Measured, not claimed.
Every number here was produced by the harnesses in bench/ and is reproducible on your hardware with the commands at the bottom. The in-process rows are the library's real cost; the Redis/Postgres rows are dominated by the Docker-Desktop-on-Windows round trip on this box — included for relative shape, not as absolute latency you'll see in production.
- Best of N independent process launches — the hot rows reproduced to ±1 ns/op across launches; the rest to a few percent.
- Warm up, then time — every loop JIT-warms (100k sync / 10k async) before the timed window, so numbers are steady-state, not cold-start.
- ALLOW path, single hot key — limits set high enough nothing is ever denied, isolating the algorithm's cost from deny-handling.

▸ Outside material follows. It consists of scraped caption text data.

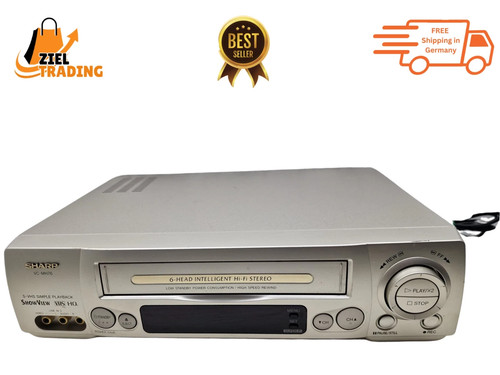 2er Set JVC HR-J712 & Sharp VC-MH76 VHS Videorekorder – Defekt - Bild 9 von 17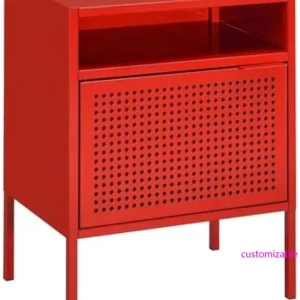 Gemma Metal Nightstand with USB Port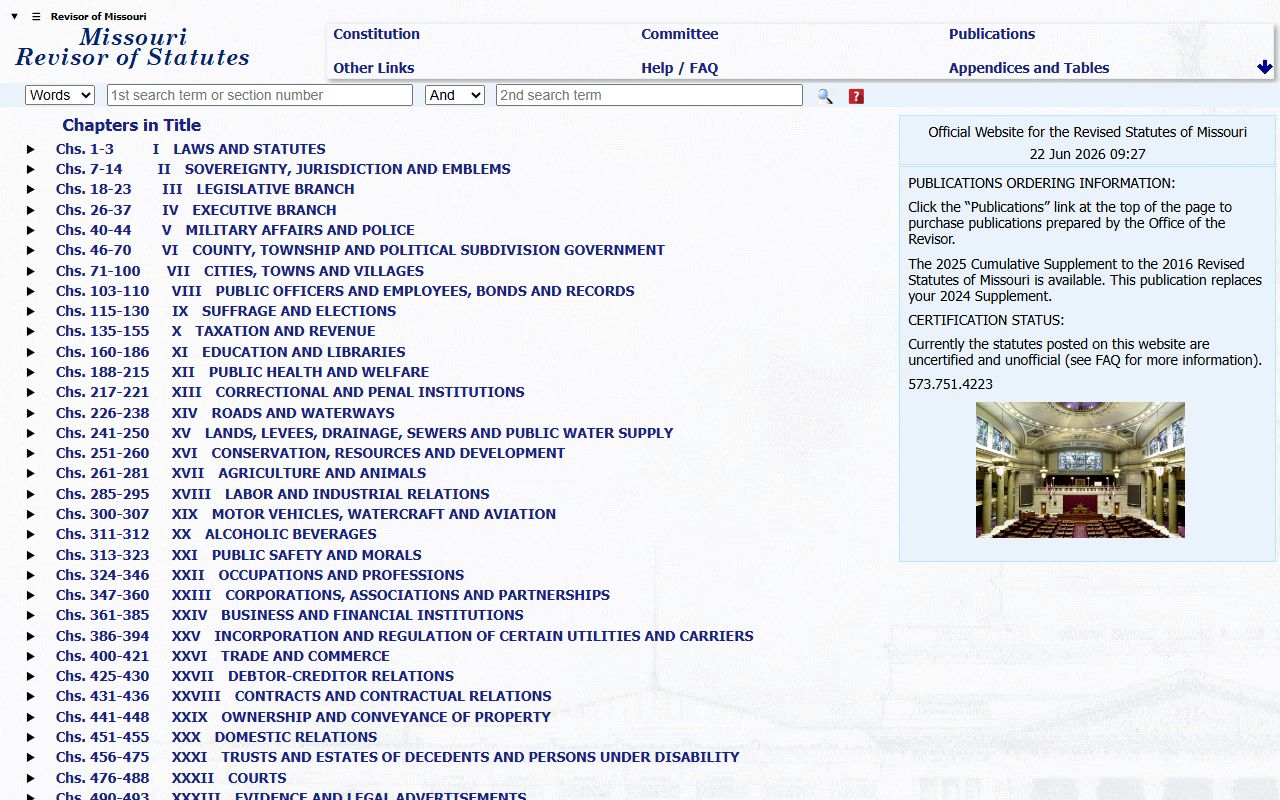 Dade County court records Missouri arrest and investigation record statute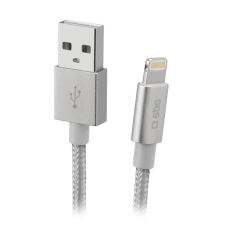 SBS USB-A apa - Lightning apa Adat- és töltőkábel 1m - Ezüst (TECABLEUSBIP589BS) kábel és adapter
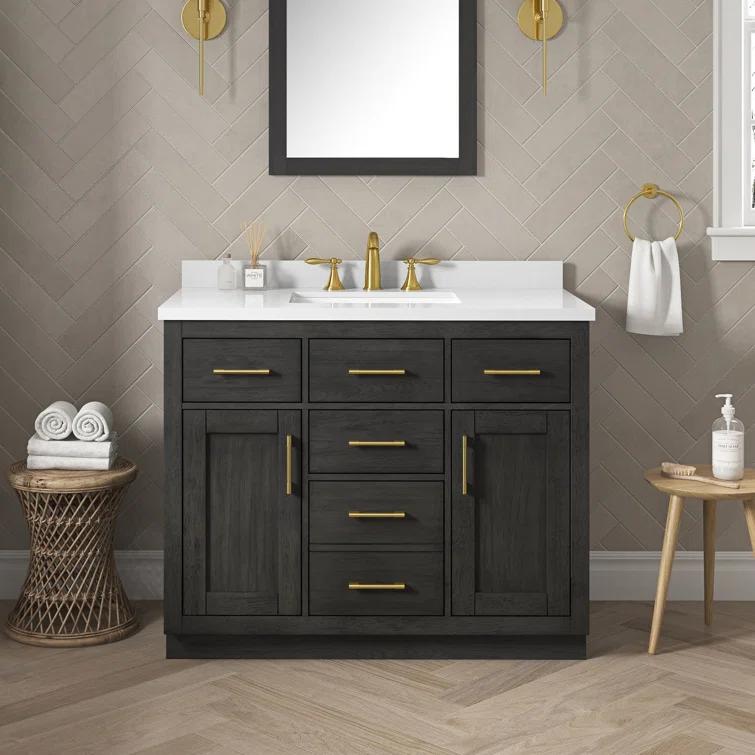OVE Decors Bailey 42" Single Bathroom Vanity with Premium Countertop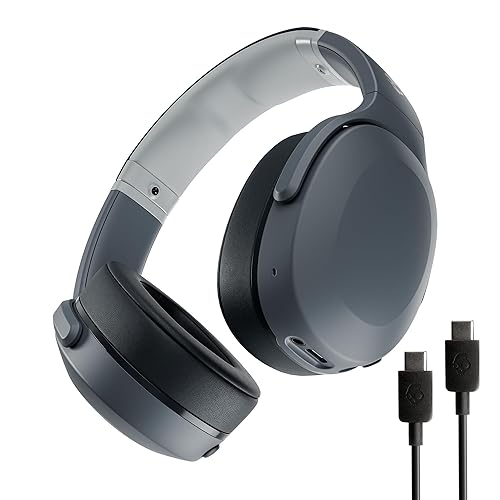 Skullcandy Crusher Evo Wireless Bluetooth Headphones with Extra USB-C Charging Cable, Multi-Sensory Bass, Noise Isolating Over-Ear Fit, 40 Hours…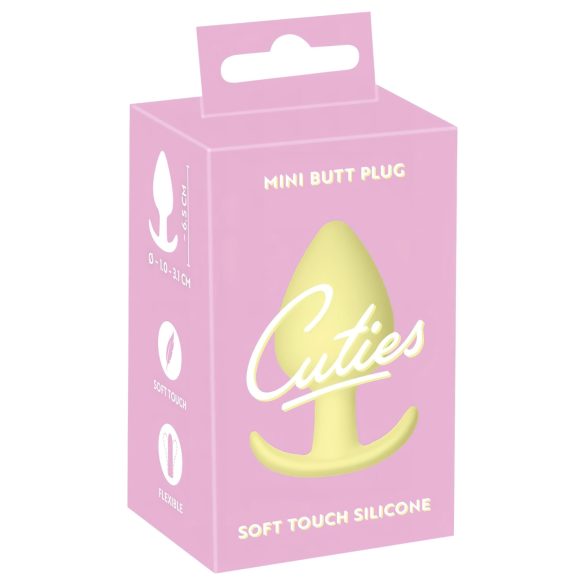 Cuties Mini Anaalitappi - silikoni - keltainen (3,1 cm)
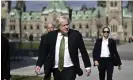  ?? Photograph: Canadian Press/Rex/Shuttersto­ck ?? Boris Johnson was speaking during a visit to Ottawa, Canada.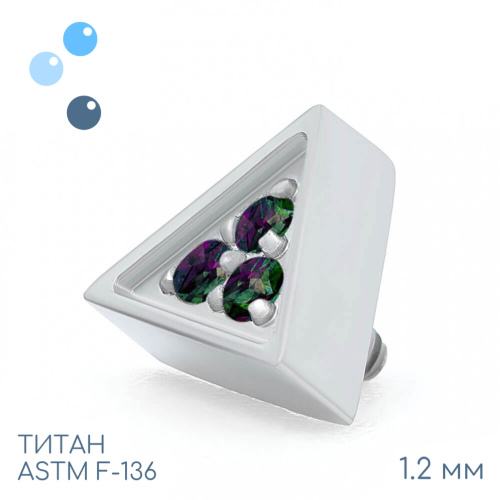 Накрутка Vitrail Triangle 1.2 мм фото 2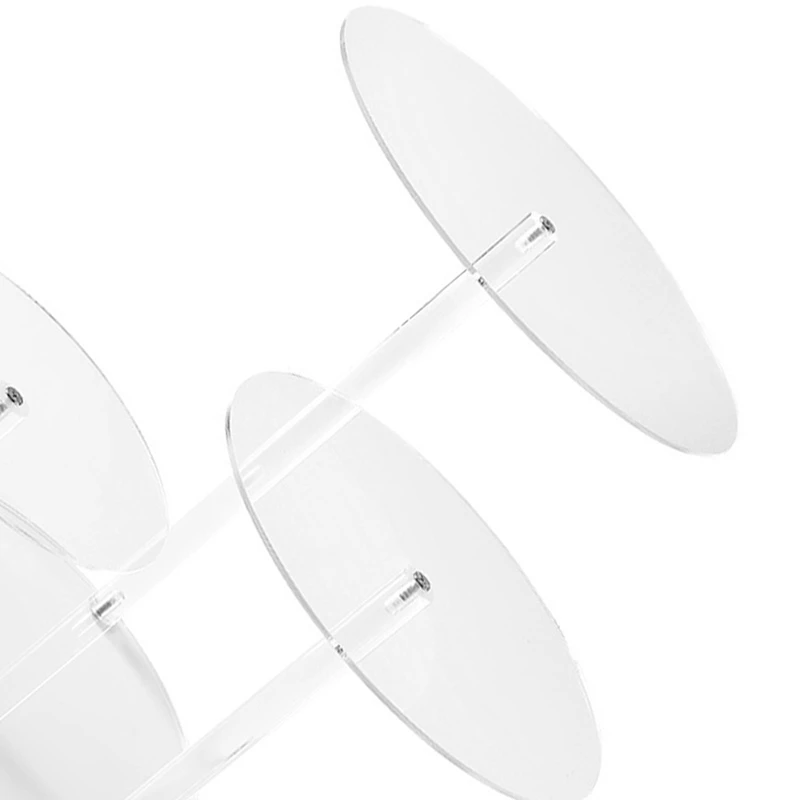 Présentoir Riser de Produits Ronds en Acrylique, Mini Présentoir T1 à Gâteaux de Chi à 3 Niveaux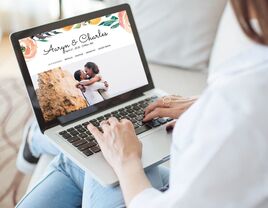 How and When to Share Your Wedding Website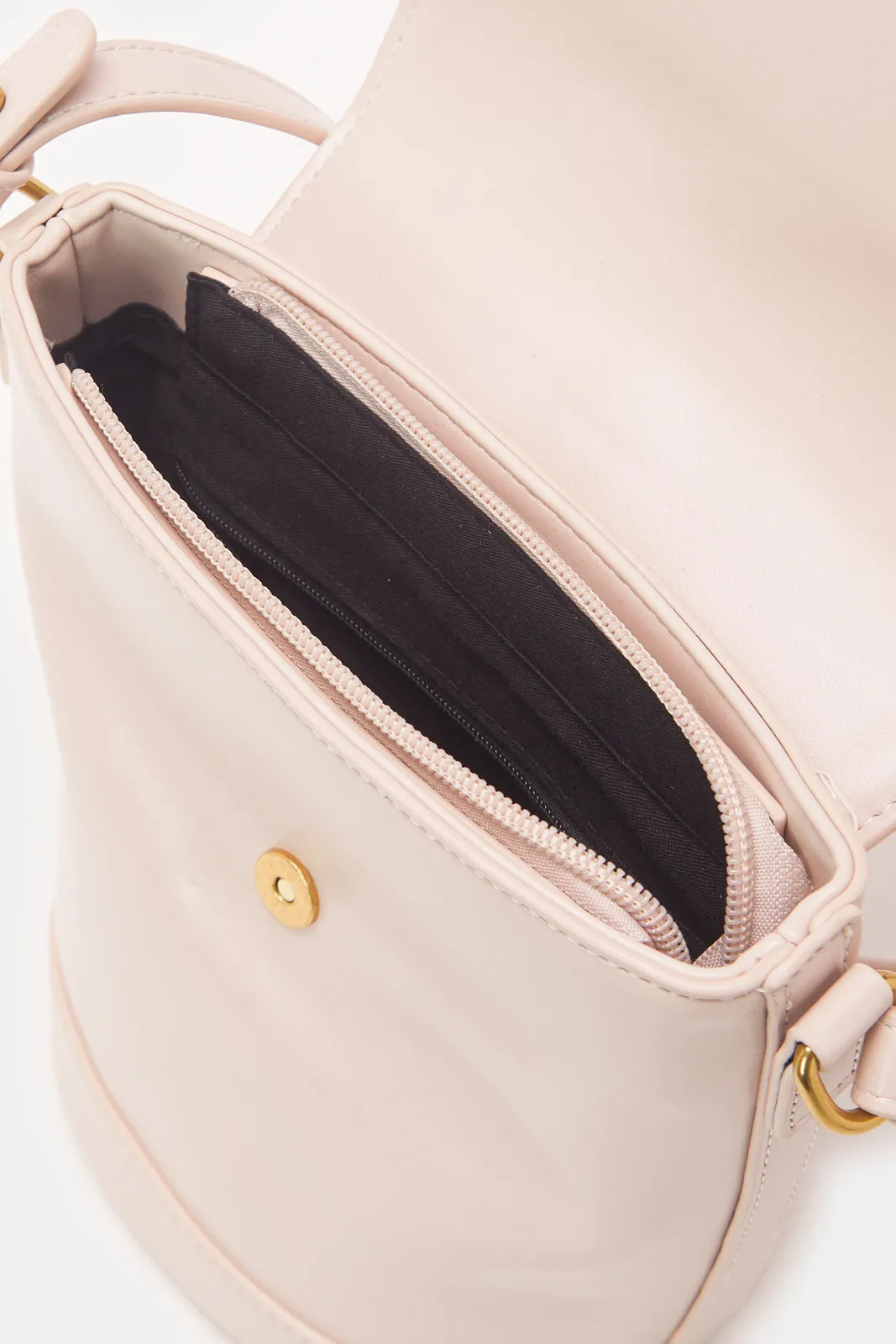 Women Pink Solid Handbag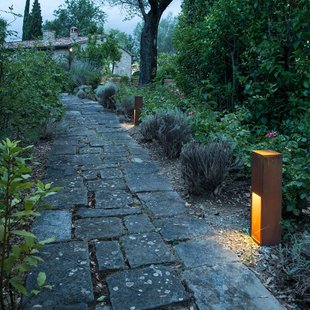 SLV Rusty Slot 50 LED sokkellamp, hoogte 50 cm SLV Rusty Slot 50 LED sokkellamp, hoogte 50 cm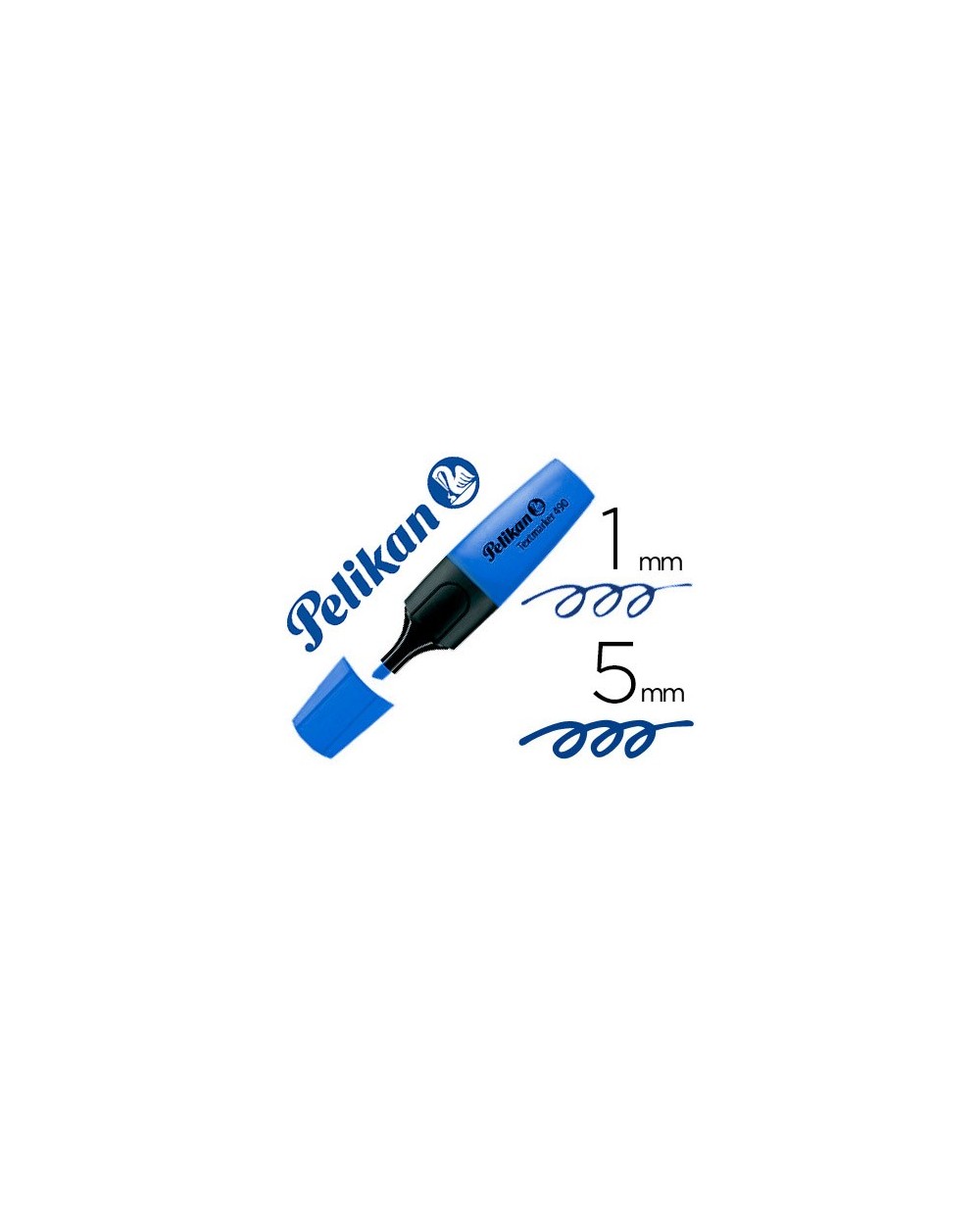 Rotulador pelikan fluorescente textmarker 490 azul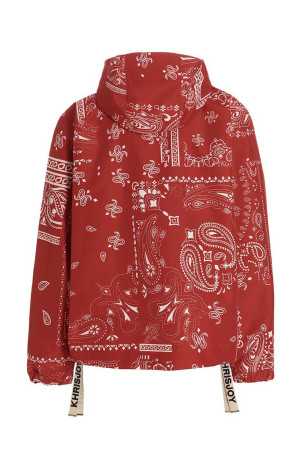 Windbreaker Bandana Hood' jacket Red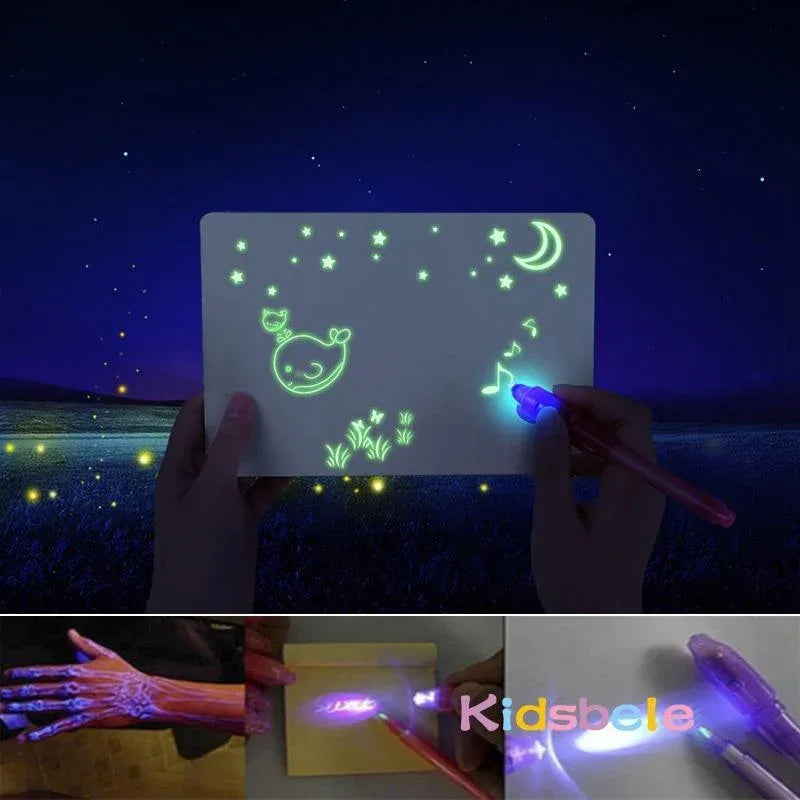 Draw With Light-Fun And Developing Drawing&write Flip Board Kids Educational Toy Magic Drawing Lighting In Dark Gift For Child - BIG FRENCHIES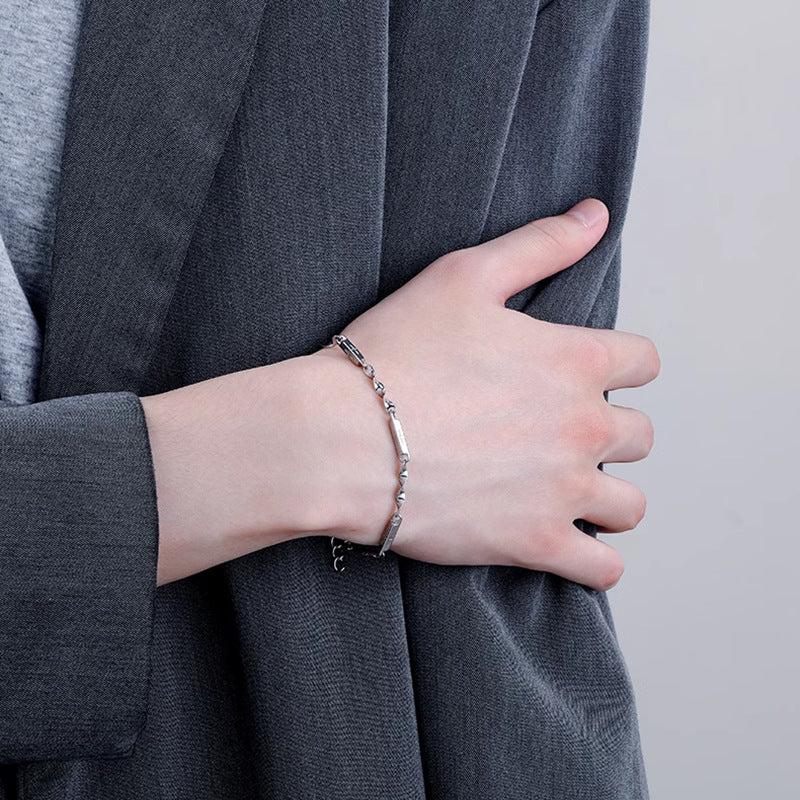 Planderful Steel Mobius Star Necklace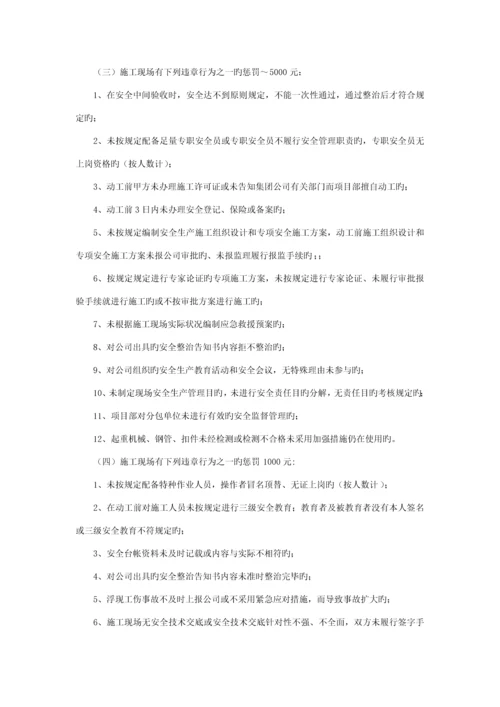 优质建筑关键工程安全质量管理检查处罚实施标准细则.docx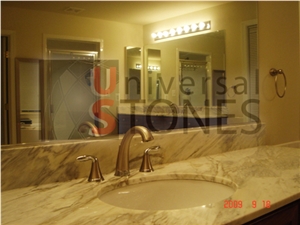 Arabescato Marble Residential Bathroom Top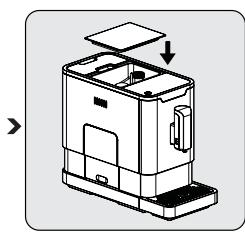 BEKO CEG3190 - Kahve çekirdeği haznesinin doldurulması - 5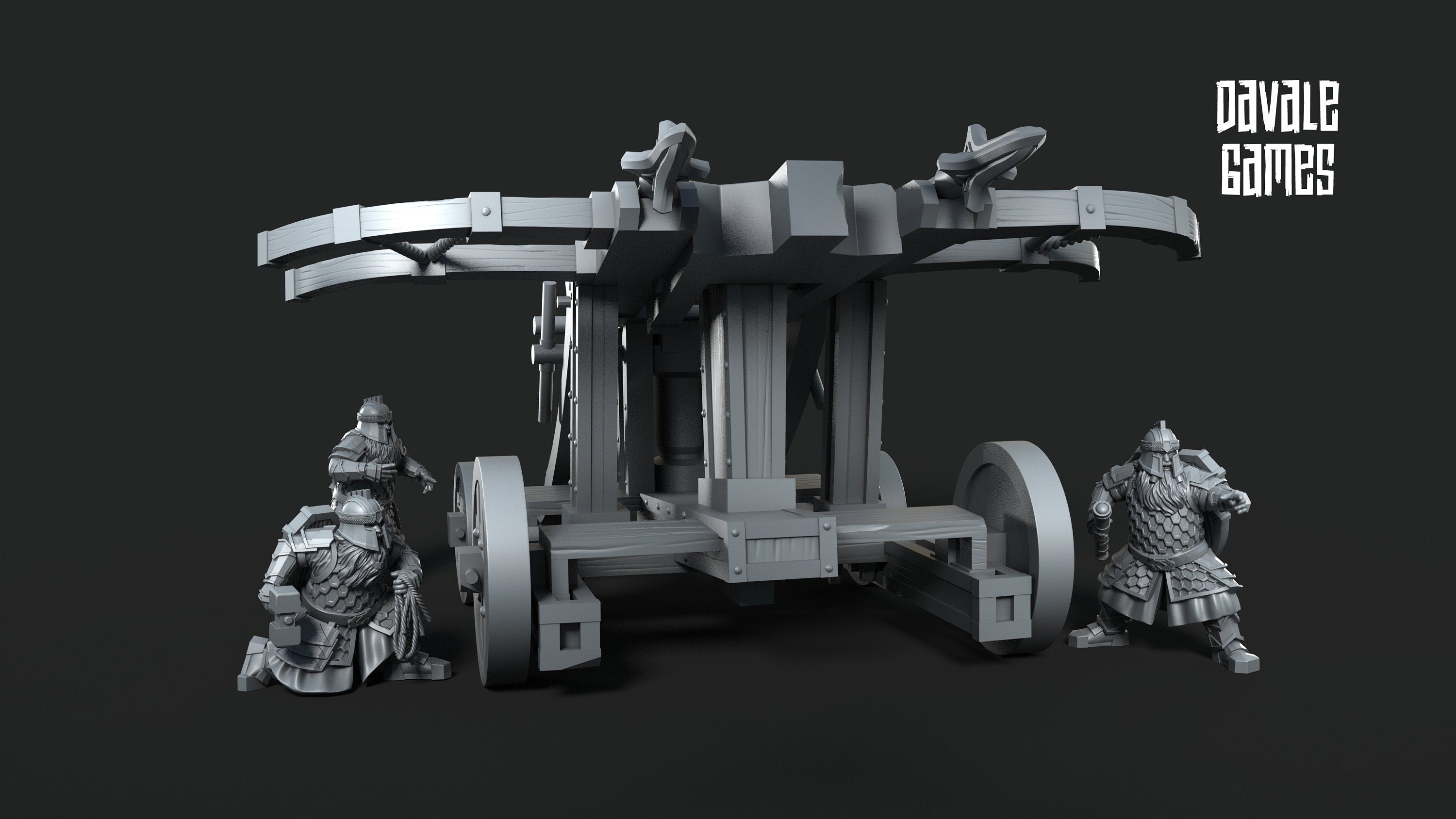 Silver Goat Dwarf Ballista 28mm miniatures fantasy dungeons and dragons miniature wargaming miniatures tabletop dnd dwarf army miniatures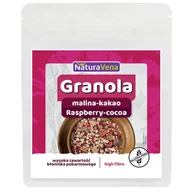 Płatki śniadaniowe i musli - NaturaVena Granola malina-kakao 200 g - żywność - miniaturka - grafika 1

- Same process, same warmup, same iteration count for every contender — and the algorithm each library actually implements is printed next to its row. A bare counter and a GCRA cell are not the same guarantee at the same ops/s.
- Allocations are the net heap delta across the timed loop under
--expose-gc, divided by iterations;0–1 B/opmeans effectively allocation-free in steady state.
A complete GCRA decision — allowed, limit, remaining, resetAt, retryAfterMs — in 169 ns, with no Promise, no microtask, and no steady-state allocation. checkSync is available whenever the store is synchronous (in-process, or a warmed two-tier lease).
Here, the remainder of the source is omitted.